Of course the question of the origin of the universe and, related to it, its
finite or infinite character, remains unanswered by the big-bang model and will
remain so for ever. The question asks for the totality of conditions that would explain
the ultimate origin of the universe; but, as Kant would point out, a totality of
conditions is (by definition) itself unconditioned and thus cannot be a possible
object of science. The notion of an ultimate beginning and end of the universe
is bound to remain an unavoidable but problematic idea. Any claims to such knowledge
risk succumbing to a transcendental illusion. In this case,
it was perhaps less the distinguished scientists than the Nobel
Prize Committee who risked falling victim to an illusion.

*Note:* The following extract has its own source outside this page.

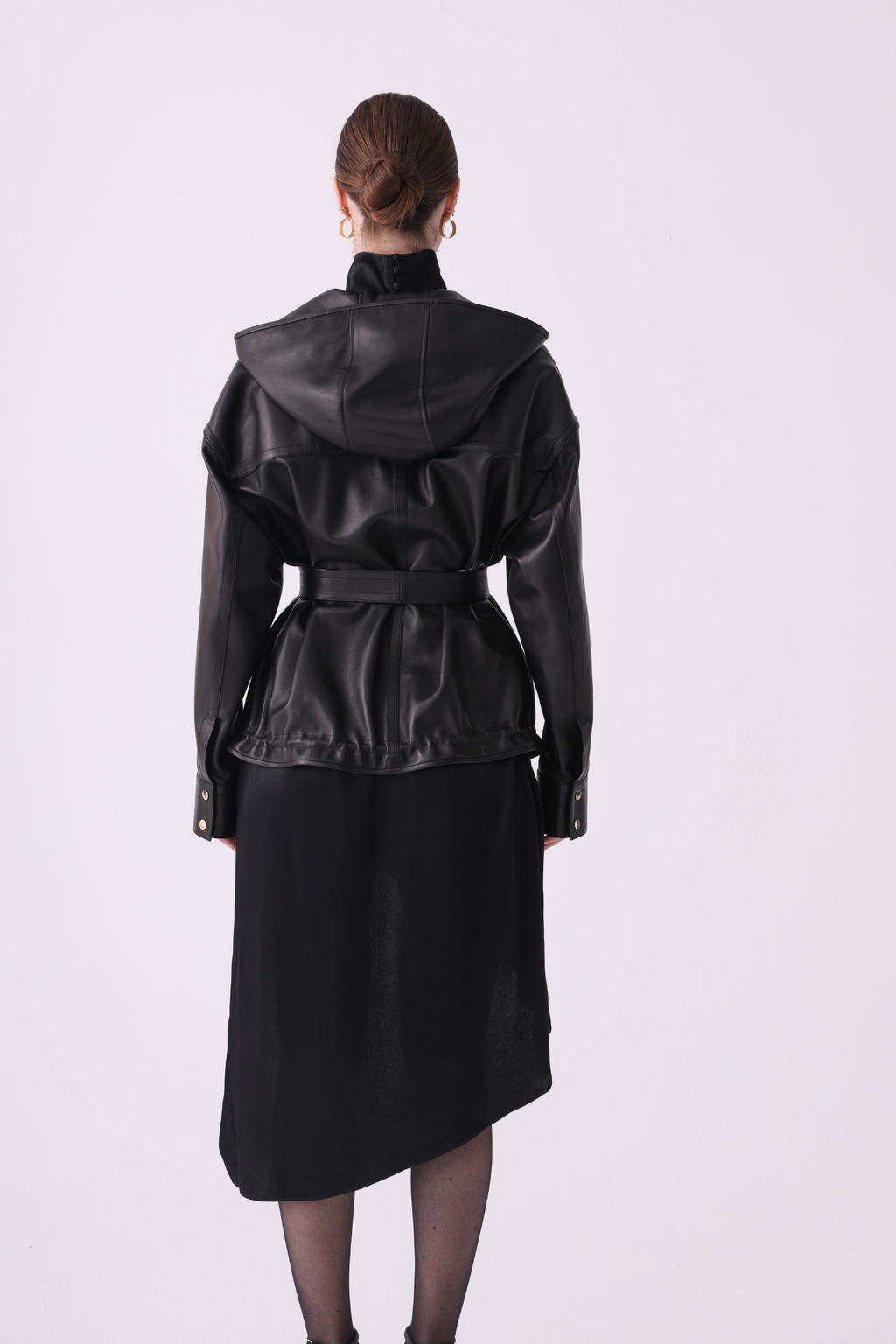 Hood <br> Leather jacket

Reason must ask such questions, but
science cannot answer them. Science can only explain empirical phenomena in
terms of preceding conditions, so any empirical evidence of a "big bang" raises
the question of what preceded it and how it came about. But again, by definition,
science cannot reach behind the "big bang," for inasmuch
as it really occurred, it left no empirical trace of whatever
was before and caused (or conditioned) it. Science cannot postulate
ultimate conditions and at the same time claim to reach beyond
them. This, I suppose, is
what Edmund Husserl meant (or at least, one fundamental aspect of what he had
in mind) when he once remarked that
"No objective science, no
matter how exact, explains or ever can explain anything in a serious sense."
(Husserl, 1970, p. 189)
Be
that as it may whatever limitations there are to human knowledge,
and likewise, whatever progress there is in science, the critical
skills of reason will not become redundant so quickly, quite
the contrary. Despite being possible sources of error, the general
ideas and related questions of reason are also sources and tools
of its major contribution to human cognition the ability to
think things through to their end so as to understand them as
(however imperfect) manifestations of general principles. As
Kant's explains, reason is the "faculty of principles"
(B356) that alone is able to "apprehend the particular
in the universal" (B357, cf. B359).
Provisional
summary and conclusion: ideas of reason and the human condition The picture that emerges
is one of a deep-seated dialectic of the universal and the particular;
of the ideal and the real; of that which we can think and that
which we can experience and do, and thus know. The important point
is, we are dealing here with an integrative, two-dimensional
conception of the human condition or, as Kant (1786,
B105-110 and B115-119) famously
puts it, with "two standpoints" (rather than alternatives)
from which we can see the world, namely, as the phenomenal (or
sensible)
world of experience and as the intelligible (or moral) world of
thought and action. I cannot help but think in this context of Hannah Arendt's
(1958) beautiful study of the Human Condition, in which
she has made us aware, once again, of how much even in a modern
world ruled by science and theoretical reason, the vita activa
self-determined practice remains an essential aspect of
who and what we are. We are what we are doing, and we are doing
what we think. Human practice (including the practice of thought
and reflection) conditions the "human condition,"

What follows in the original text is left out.